🤖 AI Summary
This study addresses the challenge large language models (LLMs) face in generating context-dependent satirical content that effectively balances political relevance and humor. To tackle this, the work introduces retrieval-augmented generation (RAG) into satire generation for the first time, leveraging recent news articles to construct a Finnish-context satire lexicon. It further proposes a multidimensional human evaluation framework that integrates cultural context and etymological categories. The project releases annotated datasets and code publicly and employs LLM-as-a-judge for automated assessment. Experimental results demonstrate that RAG significantly enhances political relevance but yields limited improvement in perceived humor.

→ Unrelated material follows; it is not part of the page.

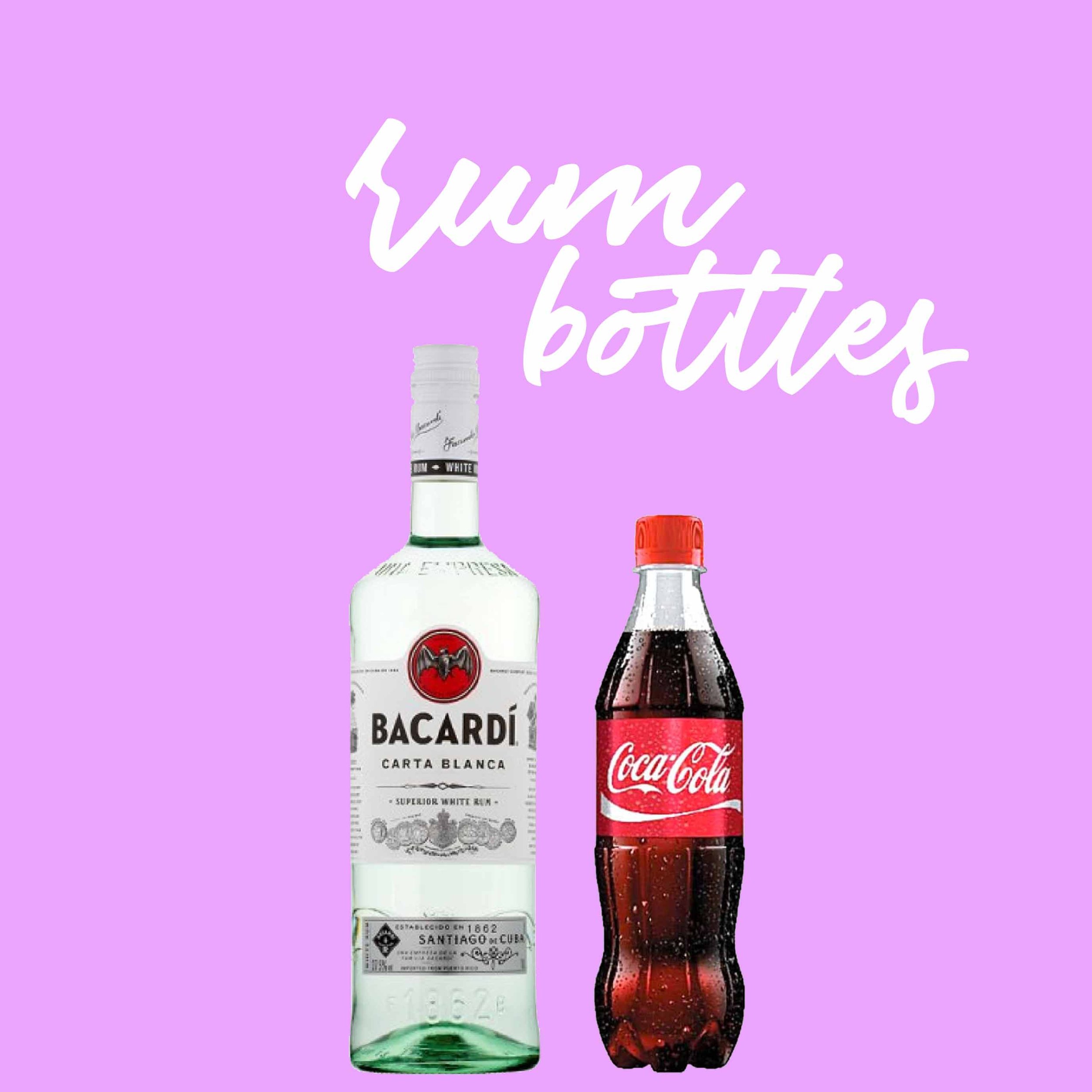 rum_bottles.jpg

Moreover, LLM-based evaluations show high alignment with human judgments on political content, yet exhibit notably lower agreement regarding humor.
📝 Abstract
Humor generation remains challenging task for Large Language Models (LLMs), due to their subjective nature. We focus on satire, a form of humor strongly shaped by context. In this work, we present a novel pipeline for grounded satire generation that uses Retrieval-Augmented Generation (RAG) over current news to produce satirical dictionary definitions in the Finnish context. We also introduce a new task-specific evaluation framework and annotate 100 generated definitions with six human annotators, enabling analysis across multiple experimental conditions, including cultural background, source-word type, and the presence or absence of RAG. Our results show that the generated definitions are perceived as more political than humorous. Both topic-based word selection and RAG improve the political relevance of the outputs, but neither yields clear gains in humor generation. In addition, our LLM-as-a-judge evaluation of five state-of-the-art models indicates that LLMs correlate well with human judgments on political relevance, but perform poorly on humor. We release our code and annotated dataset to support further research on grounded satire generation and evaluation.